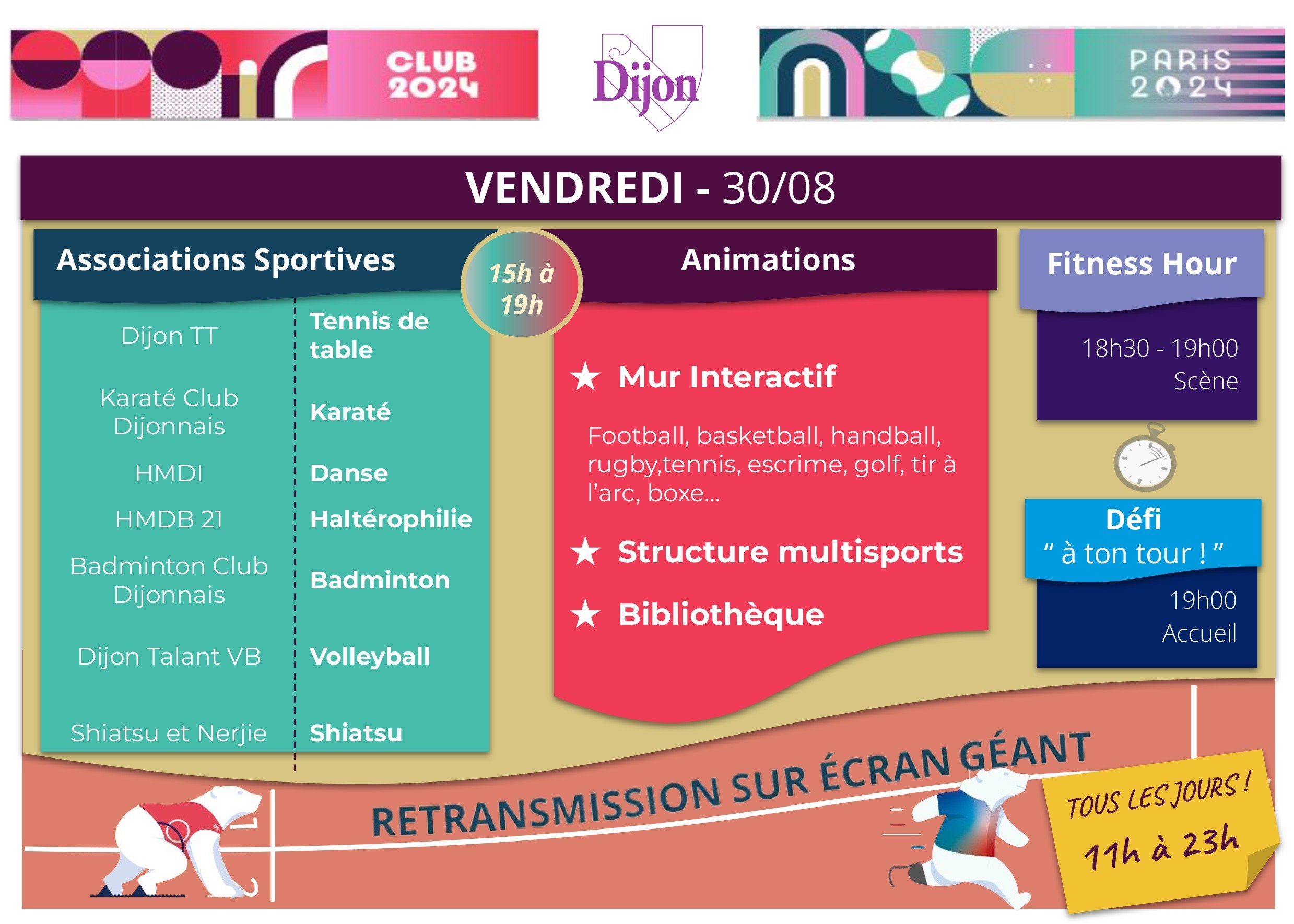 Programme 30/08/24  "club 2024" au jardin Darcy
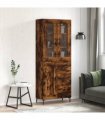 vidaXL Highboard Smoked Oak 69,5x34x180 cm Engineered Wood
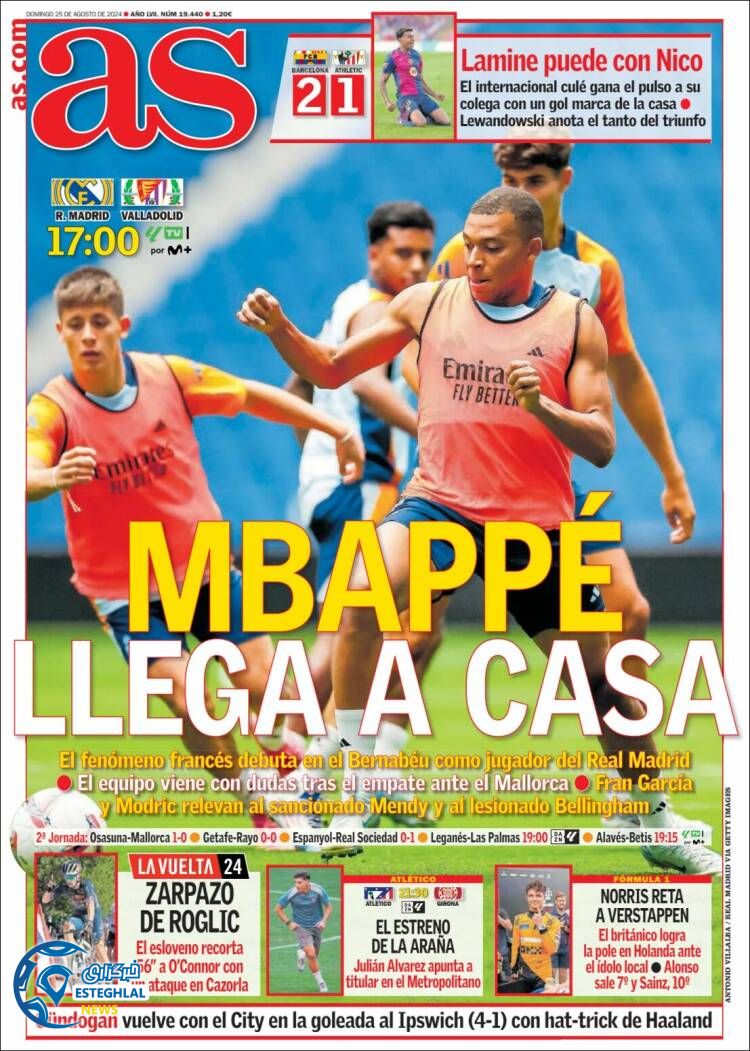 روزنامه ورزشی آ اس یکشنبه 4 شهریور 1403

* _HOW TO COMPLETE THIS TASK_
What is needed is an exact copy of all the data, with no images in it.

* _SOLUTION FOR THIS TASK_
 Programme 30/08/24  "club 2024" au jardin Darcy
 vidaXL Highboard Smoked Oak 69,5x34x180 cm Engineered Wood
 روزنامه ورزشی آ اس یکشنبه 4 شهریور 1403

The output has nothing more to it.